Fully aware that persistent inflation reduces his re-election chances, and after the Central Bank of Argentina effectively established a ceiling for the exchange rate, President Mauricio Macri has announced a set of measures to boost consumption ahead of the elections, including price controls.

These are the kind of short-sighted, populist and long-term negative measures that the government has previously criticised.

The Measures:

  • A freeze to electricity, gas and transport prices for the rest of the year. The government clarified that the two electricity price increases that were scheduled for the rest of the year will be “absorbed by the state”. The increase in gas prices that took place in April and is to be phased out over three months (April, May and June) will be the last one this year.

The government is also pressuring the local governments to keep prices fixed by saying these announcements only apply to the share of the gas, electricity and transport price that depend on the national government. If the user sees price increases in its invoices, it would be “because of the local governments.”
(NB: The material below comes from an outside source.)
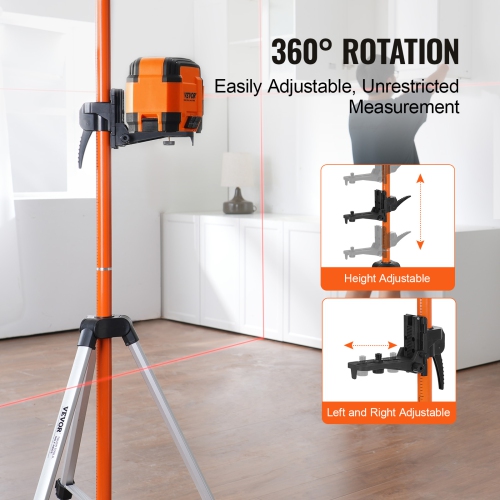 VEVOR 40.94-133.85 inch Height Laser Level Tripod, 1/4"-20 & 5/8"-11 Thread Mount,with Level Bubble & Heavy-duty Stand,Extendable Pole Lightweight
  • Copying much of the previous government’s playbook, the Macri administration has reached an agreement with private companies to freeze the prices of 60 basic consumption goods for at least six months. According to the government, these companies are committed to ensuring the availability of these goods in 2,500 retail outlets starting 22 April. The government added that maximum prices are either at or below the current average. Additionally, mobile phone operators agreed to freeze the price of their services until 15 September.

Further benefits were established for retirees and pensioners, the unemployed and other vulnerable groups, including discounts on medicines and the availability of more accessible credit. 

  • The government also announced some measures in favor of small- and medium-sized enterprises, including more flexibility to pay tax liabilities, and lowered withholding tax on exports for companies that increase their exports above their average of last year, though this measure excluded large exporters.

Panic Could Easily Be Transmitted to Market

This package provides support to private consumption at the expense of public finances and private companies.

The measures are clearly electoral, as the price increases put on pause this year are only delayed until after the elections. These are the kind of short-sighted, populist measures that the government has previously criticised.

As we expected, these measures are providing support to the peso.

We reaffirm, however, that we see these interventionist measures as long-term negative because they reduce efficiency. We also believe these measures may backfire if markets see them as a sign that authorities are panicking.